BEGIN MATERIAL FOR THIS EXERCISE

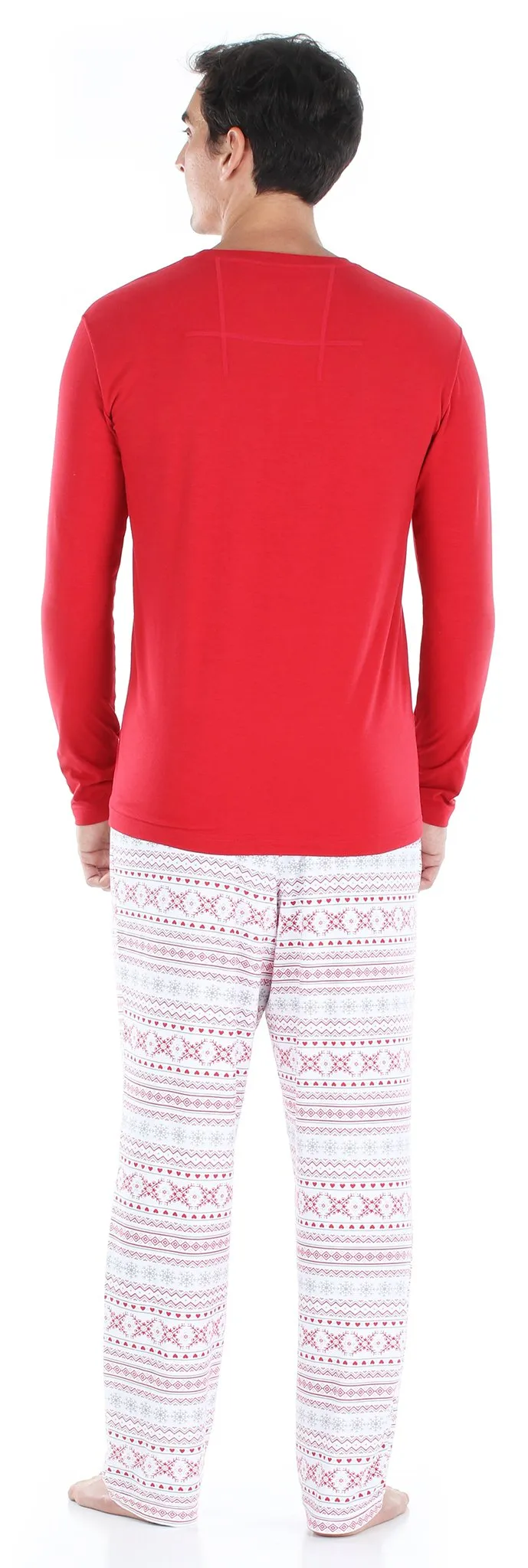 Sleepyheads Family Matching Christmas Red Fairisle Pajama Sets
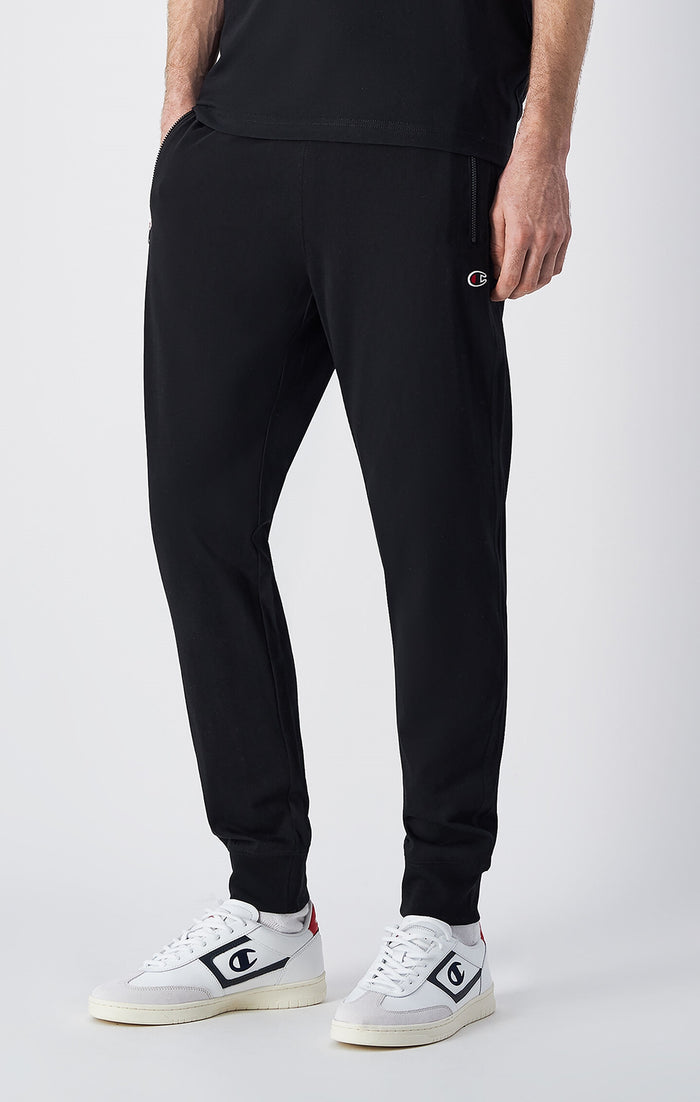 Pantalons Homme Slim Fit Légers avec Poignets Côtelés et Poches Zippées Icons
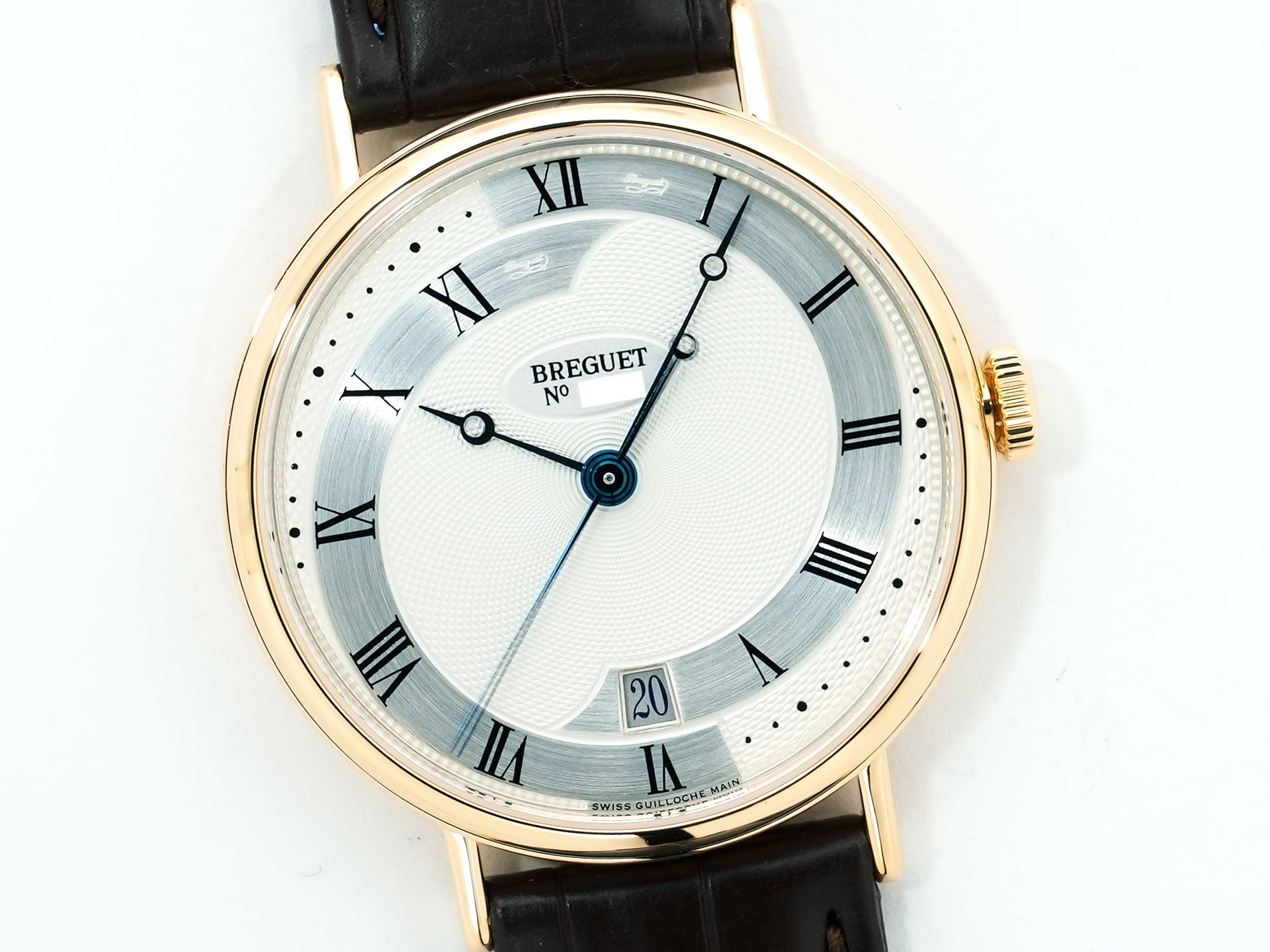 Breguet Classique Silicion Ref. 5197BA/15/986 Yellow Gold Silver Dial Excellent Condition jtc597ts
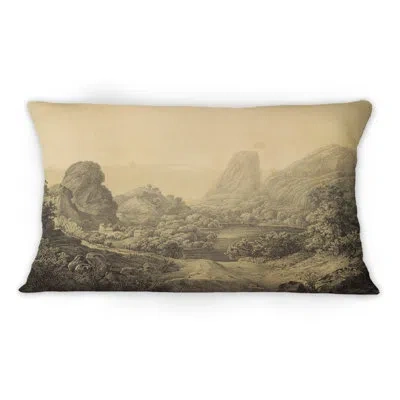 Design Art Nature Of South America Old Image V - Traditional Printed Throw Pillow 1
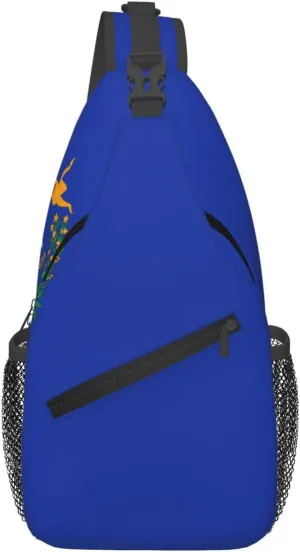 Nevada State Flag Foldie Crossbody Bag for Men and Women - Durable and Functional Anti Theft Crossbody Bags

END MATERIAL FOR THIS EXERCISE

▶ _EXERCISE INSTRUCTIONS_: Each entry is to be output exactly, and no picture is to appear.

▶ _TASK RESPONSE_:
 Sleepyheads Family Matching Christmas Red Fairisle Pajama Sets
 Pantalons Homme Slim Fit Légers avec Poignets Côtelés et Poches Zippées Icons
 Breguet Classique Silicion Ref. 5197BA/15/986 Yellow Gold Silver Dial Excellent Condition jtc597ts
 Design Art Nature Of South America Old Image V - Traditional Printed Throw Pillow 1
 Nevada State Flag Foldie Crossbody Bag for Men and Women - Durable and Functional Anti Theft Crossbody Bags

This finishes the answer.